- What to do -
Write out every line below again exactly as it stands, skipping each image.

- Exercise data -
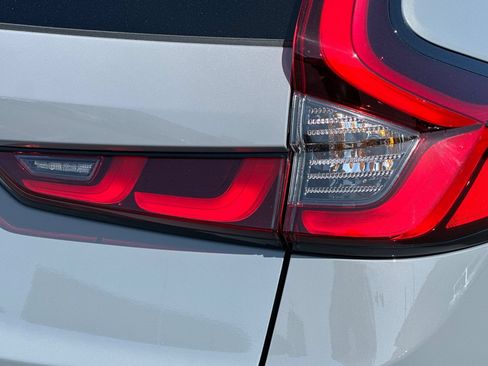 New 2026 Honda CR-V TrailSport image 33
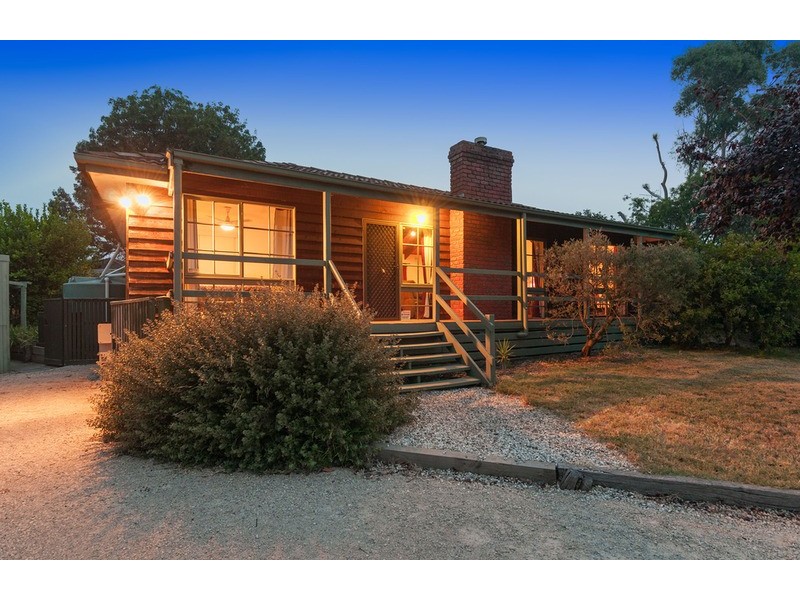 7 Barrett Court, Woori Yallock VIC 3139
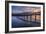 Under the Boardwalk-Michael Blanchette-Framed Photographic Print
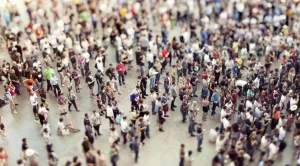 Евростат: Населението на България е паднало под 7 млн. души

- Task solution -
 New 2026 Honda CR-V TrailSport image 33
 7 Barrett Court, Woori Yallock VIC 3139
 Under the Boardwalk-Michael Blanchette-Framed Photographic Print
 Евростат: Населението на България е паднало под 7 млн. души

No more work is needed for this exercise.